- Required work:
Between the line containing "COMEDOR MONZA 4 SILLAS 75*105*105" and the line containing "PAYAS Collection 2X8" lies a run of lines; give that run again exactly, with both of those lines, and nothing else from the entries below.

- Records to process:
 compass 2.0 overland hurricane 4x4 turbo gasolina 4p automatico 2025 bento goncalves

...

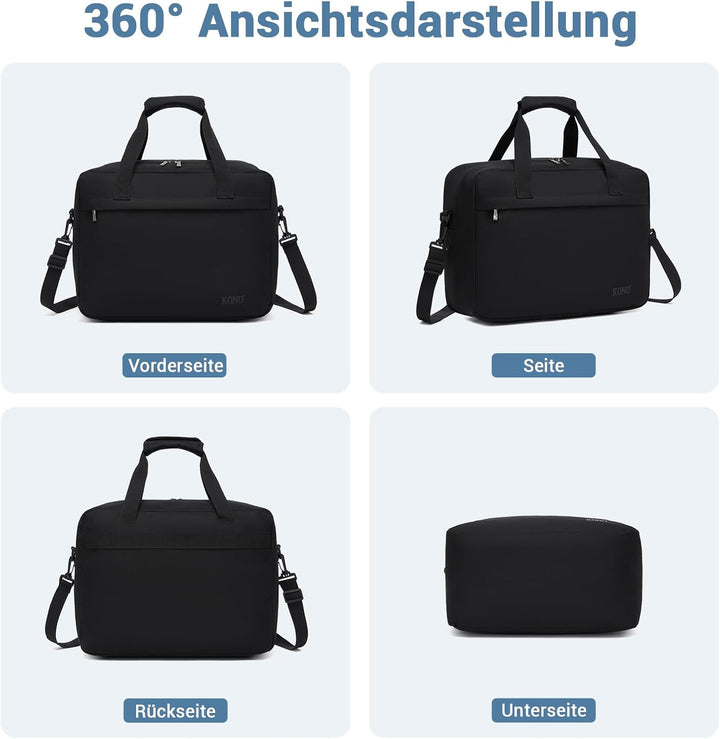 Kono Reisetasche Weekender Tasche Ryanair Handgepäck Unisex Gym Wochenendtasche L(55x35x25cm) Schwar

* * *

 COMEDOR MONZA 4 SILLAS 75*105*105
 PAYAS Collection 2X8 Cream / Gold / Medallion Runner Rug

- Expected output:
 COMEDOR MONZA 4 SILLAS 75*105*105
 PAYAS Collection 2X8 Cream / Gold / Medallion Runner Rug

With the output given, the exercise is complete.